## Task statement
For the data that follows, print the line with "a bedroom with", the line with "Discover the pinnacle", and all lines between them, exactly as they stand. Omit pictures and add nothing.

## Material provided
☆ ☆ ☆ ☆ ☆ ☆ ☆
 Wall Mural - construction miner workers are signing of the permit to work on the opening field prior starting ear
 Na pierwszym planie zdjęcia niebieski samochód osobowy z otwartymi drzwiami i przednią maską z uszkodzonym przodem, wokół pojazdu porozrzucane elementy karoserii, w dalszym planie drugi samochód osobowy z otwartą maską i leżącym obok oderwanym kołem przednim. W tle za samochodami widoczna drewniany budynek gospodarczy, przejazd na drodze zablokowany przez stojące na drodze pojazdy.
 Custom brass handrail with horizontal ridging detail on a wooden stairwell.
☆ ☆ ☆ ☆ ☆ ☆ ☆
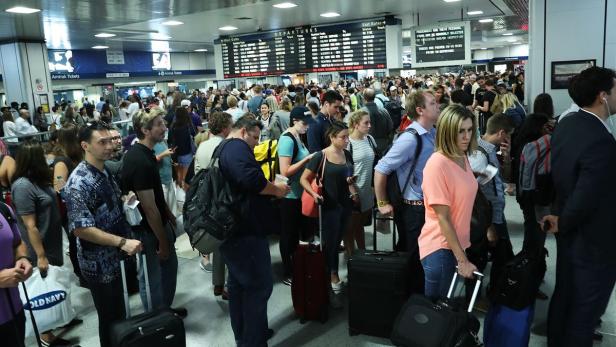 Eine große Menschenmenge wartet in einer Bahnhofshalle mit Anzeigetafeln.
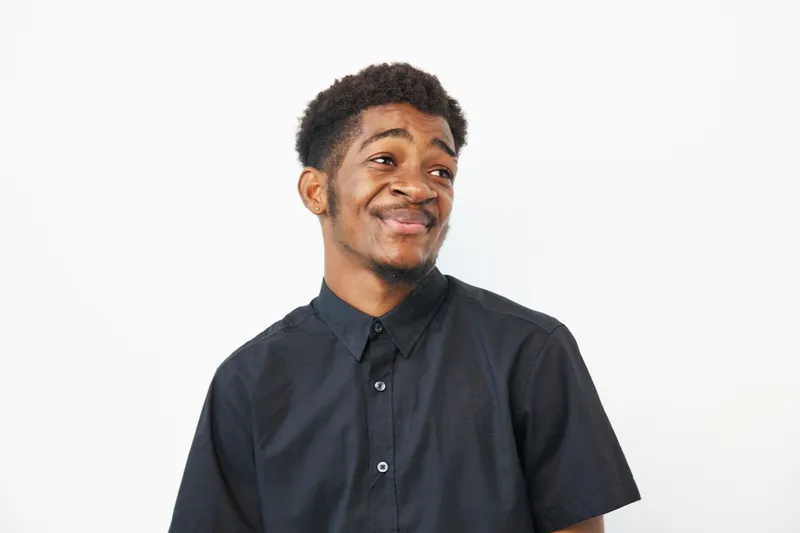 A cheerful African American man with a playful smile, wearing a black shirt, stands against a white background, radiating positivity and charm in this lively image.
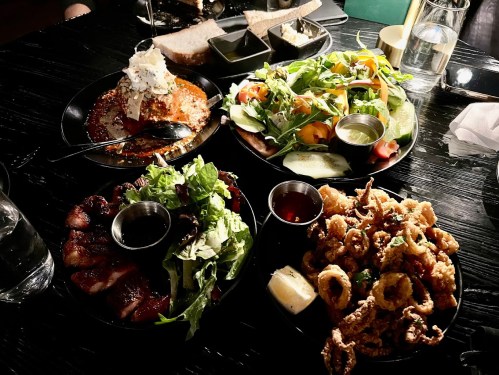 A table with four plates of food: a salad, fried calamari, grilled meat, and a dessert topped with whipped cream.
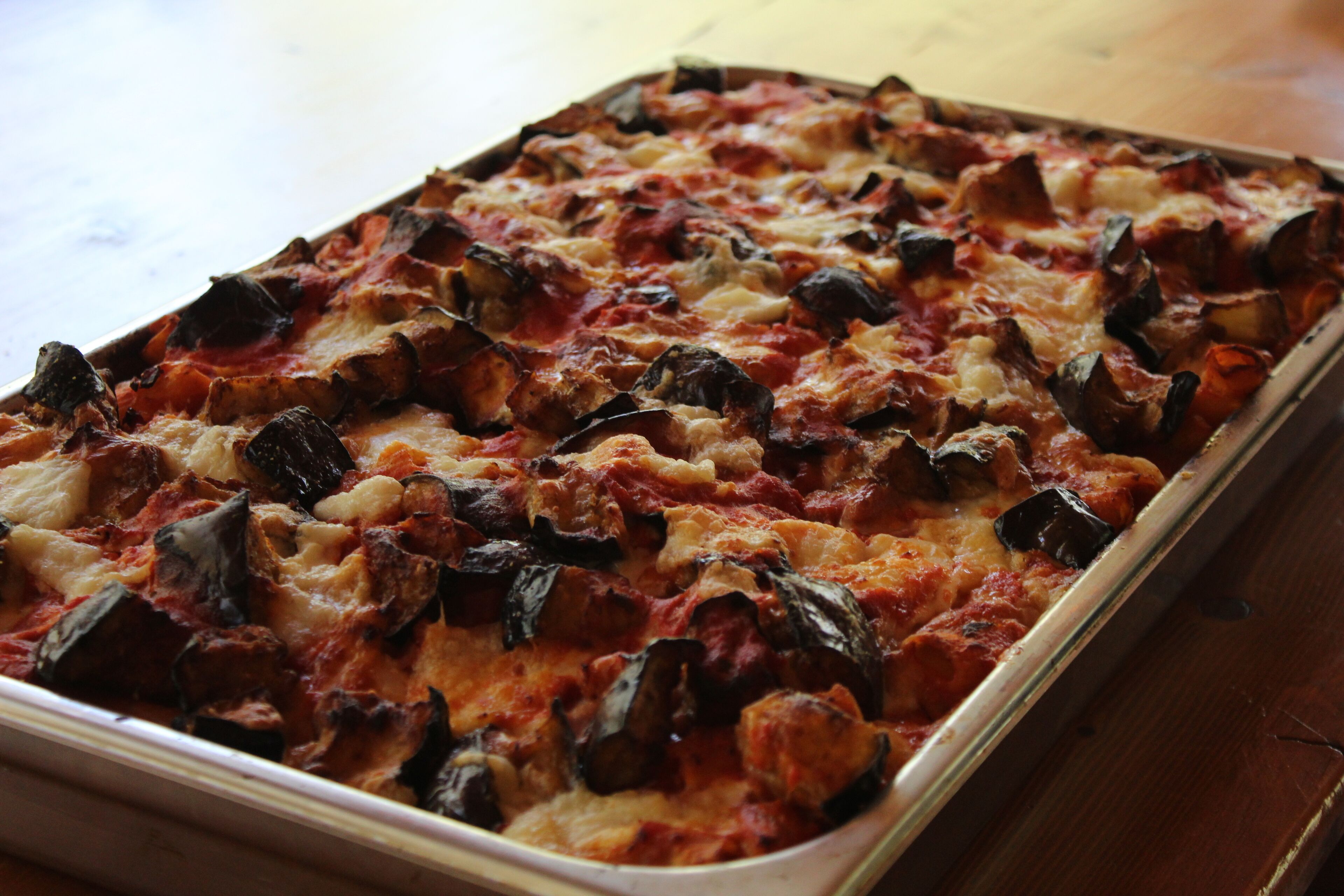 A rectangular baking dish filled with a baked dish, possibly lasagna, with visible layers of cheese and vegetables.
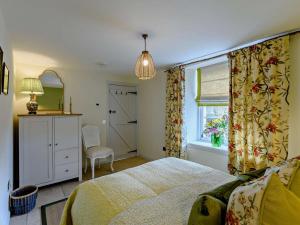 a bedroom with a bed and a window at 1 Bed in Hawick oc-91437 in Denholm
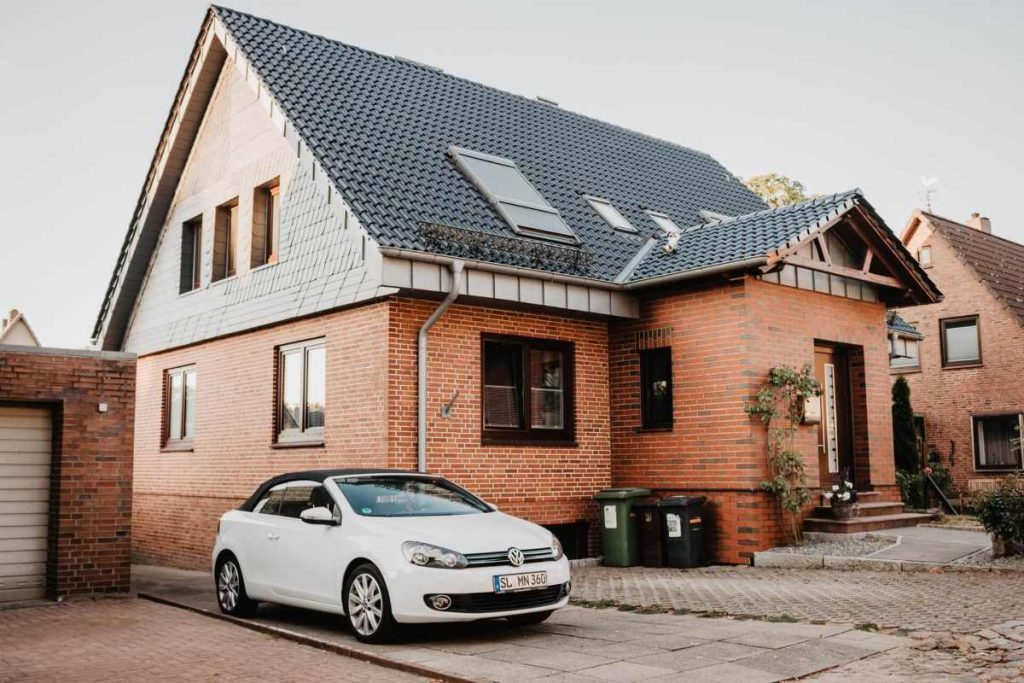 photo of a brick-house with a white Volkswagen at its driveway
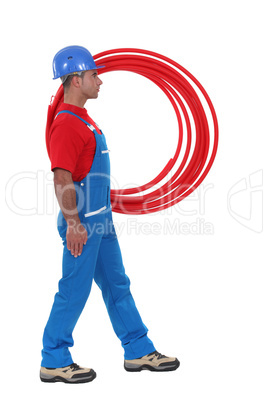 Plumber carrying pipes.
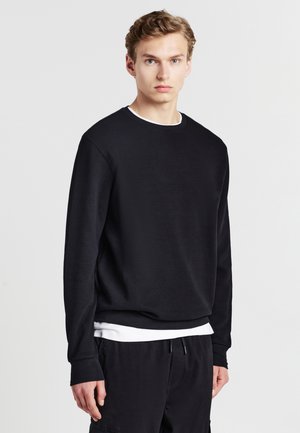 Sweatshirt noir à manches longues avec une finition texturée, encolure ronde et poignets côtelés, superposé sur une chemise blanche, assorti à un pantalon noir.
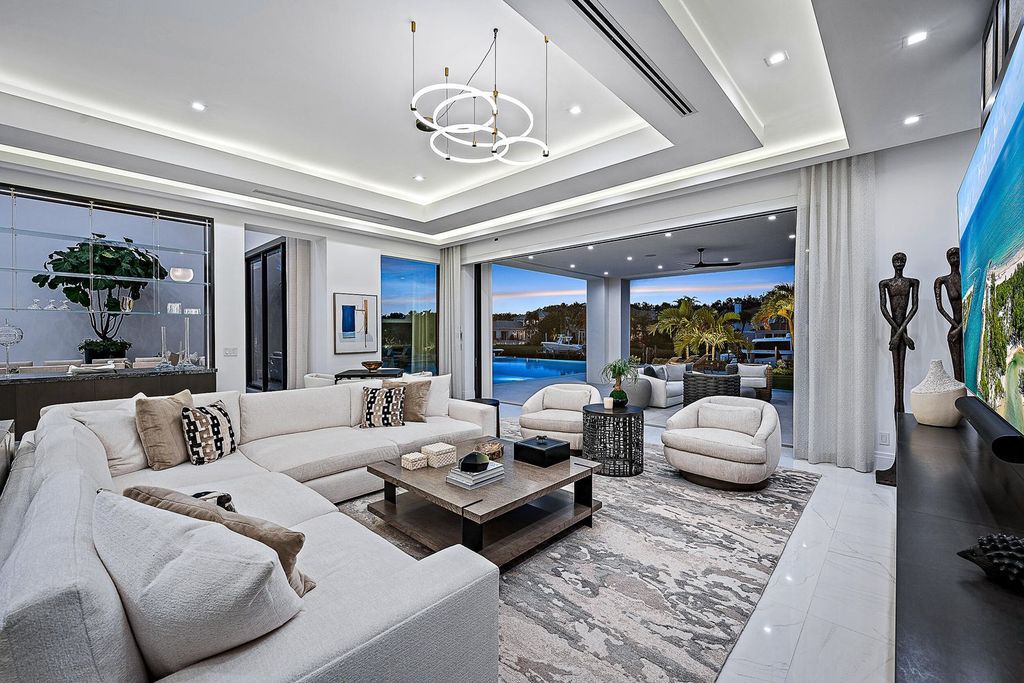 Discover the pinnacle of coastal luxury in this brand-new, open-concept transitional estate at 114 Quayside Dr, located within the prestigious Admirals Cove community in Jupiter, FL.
☆ ☆ ☆ ☆ ☆ ☆ ☆
## Written reply
 a bedroom with a bed and a window at 1 Bed in Hawick oc-91437 in Denholm
 photo of a brick-house with a white Volkswagen at its driveway
 Plumber carrying pipes.
 Sweatshirt noir à manches longues avec une finition texturée, encolure ronde et poignets côtelés, superposé sur une chemise blanche, assorti à un pantalon noir.
 Discover the pinnacle of coastal luxury in this brand-new, open-concept transitional estate at 114 Quayside Dr, located within the prestigious Admirals Cove community in Jupiter, FL.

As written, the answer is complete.